# README

`unicode-data-names` provides Haskell APIs to efficiently access the Unicode
character names and aliases from the
[Unicode character database](https://www.unicode.org/ucd/).

There are 3 APIs:
- `String` API: enabled by default.
- `ByteString` API: enabled via the package flag `has-bytestring`.
- `Text` API: enabled via the package flag `has-text`.

The Haskell data structures are generated programmatically from the
Unicode character database (UCD) files.

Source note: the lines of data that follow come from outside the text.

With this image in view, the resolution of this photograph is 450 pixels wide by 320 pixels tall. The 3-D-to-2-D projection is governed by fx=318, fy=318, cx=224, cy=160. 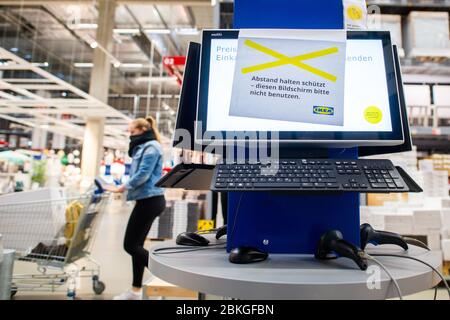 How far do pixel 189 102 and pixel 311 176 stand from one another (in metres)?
0.44

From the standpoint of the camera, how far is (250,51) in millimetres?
872

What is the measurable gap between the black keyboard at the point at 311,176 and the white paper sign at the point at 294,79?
0.13 m

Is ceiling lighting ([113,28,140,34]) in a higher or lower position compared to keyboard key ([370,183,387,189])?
higher

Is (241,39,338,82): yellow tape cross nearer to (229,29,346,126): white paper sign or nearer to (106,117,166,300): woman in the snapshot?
(229,29,346,126): white paper sign

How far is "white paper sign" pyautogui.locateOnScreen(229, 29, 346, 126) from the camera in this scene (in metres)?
0.84

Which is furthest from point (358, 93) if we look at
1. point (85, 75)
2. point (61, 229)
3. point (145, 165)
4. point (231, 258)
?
point (85, 75)

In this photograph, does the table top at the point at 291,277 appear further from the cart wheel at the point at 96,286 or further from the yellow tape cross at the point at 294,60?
the cart wheel at the point at 96,286

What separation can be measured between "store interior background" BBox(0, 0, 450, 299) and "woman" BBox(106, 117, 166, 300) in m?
0.24

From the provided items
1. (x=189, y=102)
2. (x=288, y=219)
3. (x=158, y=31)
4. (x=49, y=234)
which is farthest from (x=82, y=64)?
(x=288, y=219)

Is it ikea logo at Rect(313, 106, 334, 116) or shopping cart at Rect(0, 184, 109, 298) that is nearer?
ikea logo at Rect(313, 106, 334, 116)

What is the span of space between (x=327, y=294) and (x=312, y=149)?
481 millimetres

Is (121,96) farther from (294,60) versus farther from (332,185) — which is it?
(332,185)

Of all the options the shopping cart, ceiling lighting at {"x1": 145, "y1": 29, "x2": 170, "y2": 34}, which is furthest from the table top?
ceiling lighting at {"x1": 145, "y1": 29, "x2": 170, "y2": 34} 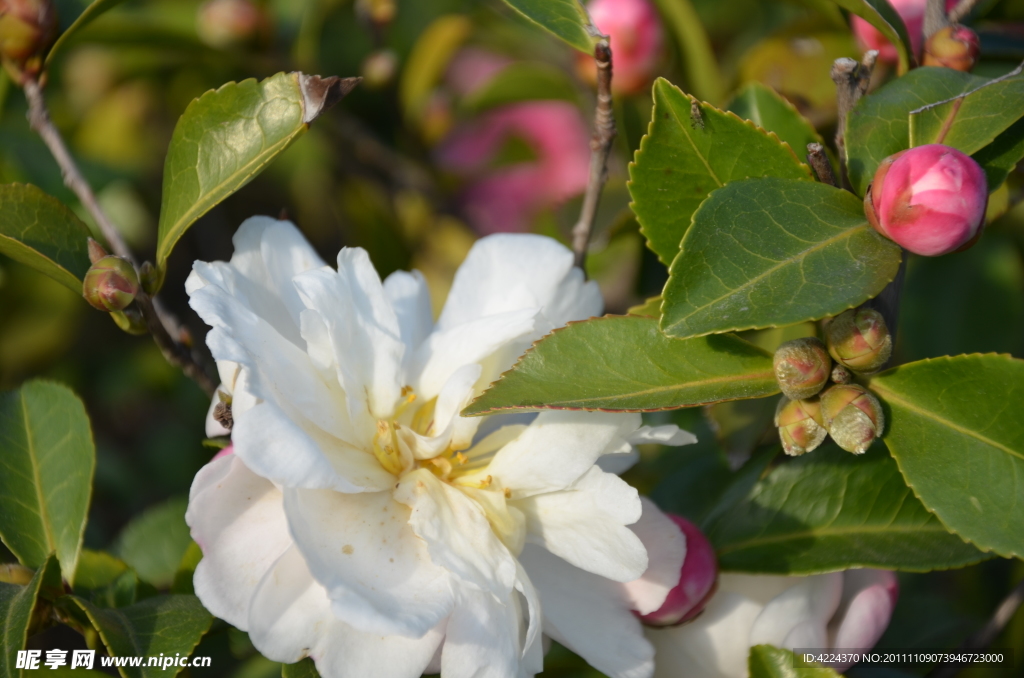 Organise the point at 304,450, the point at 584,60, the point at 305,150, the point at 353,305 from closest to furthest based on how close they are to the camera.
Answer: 1. the point at 304,450
2. the point at 353,305
3. the point at 584,60
4. the point at 305,150

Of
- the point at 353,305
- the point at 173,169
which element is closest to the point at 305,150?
the point at 173,169

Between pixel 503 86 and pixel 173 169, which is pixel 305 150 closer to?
pixel 503 86

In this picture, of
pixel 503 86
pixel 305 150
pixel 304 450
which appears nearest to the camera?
pixel 304 450

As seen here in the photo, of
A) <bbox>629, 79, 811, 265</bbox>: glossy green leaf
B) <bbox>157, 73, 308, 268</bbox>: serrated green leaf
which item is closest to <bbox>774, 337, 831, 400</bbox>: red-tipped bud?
<bbox>629, 79, 811, 265</bbox>: glossy green leaf

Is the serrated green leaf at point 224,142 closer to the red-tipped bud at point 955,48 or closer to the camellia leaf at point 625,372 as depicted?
the camellia leaf at point 625,372

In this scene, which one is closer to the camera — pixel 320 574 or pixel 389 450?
pixel 320 574

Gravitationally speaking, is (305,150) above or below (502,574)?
below

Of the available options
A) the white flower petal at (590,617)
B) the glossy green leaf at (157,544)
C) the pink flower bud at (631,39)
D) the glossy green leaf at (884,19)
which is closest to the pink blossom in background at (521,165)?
the pink flower bud at (631,39)

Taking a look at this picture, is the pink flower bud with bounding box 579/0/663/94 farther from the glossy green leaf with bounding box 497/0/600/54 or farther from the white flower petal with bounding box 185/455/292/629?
the white flower petal with bounding box 185/455/292/629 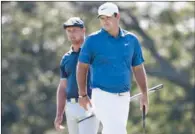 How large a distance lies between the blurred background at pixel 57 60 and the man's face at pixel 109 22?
2361cm

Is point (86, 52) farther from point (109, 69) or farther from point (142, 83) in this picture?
point (142, 83)

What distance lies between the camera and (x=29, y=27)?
112ft

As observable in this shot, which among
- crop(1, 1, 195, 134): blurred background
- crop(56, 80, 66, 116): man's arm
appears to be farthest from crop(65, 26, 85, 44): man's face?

The latest Unicode version
supported by this library is
[`15.0.0`](https://www.unicode.org/versions/Unicode15.0.0/).

Please see the
[Haddock documentation](https://hackage.haskell.org/package/unicode-data-names)
for reference documentation.

## Comparing with ICU

We can compare the implementation against ICU. This requires working with the
source repository, as we need the _internal_ package `icu`.

__Warning:__ An ICU version with the _exact same Unicode version_ is required.

```bash
cabal run -O2 --flag dev-has-icu unicode-data-names:tests -- -m ICU
```

## Comparing with Python

In order to check Unicode implementation in Haskell, we compare the results obtained
with Python.

__Warning:__ A Python version with the _exact same Unicode version_ is required.

```bash
cabal run -O2 -f "export-all-chars" -v0 export-all-chars > ./test/all_chars.csv
python3 ./test/check.py -v ./test/all_chars.csv
```

## Licensing

`unicode-data-names` is an [open source](https://github.com/composewell/unicode-data)
project available under a liberal [Apache-2.0 license](LICENSE).

## Contributing

As an open project we welcome contributions.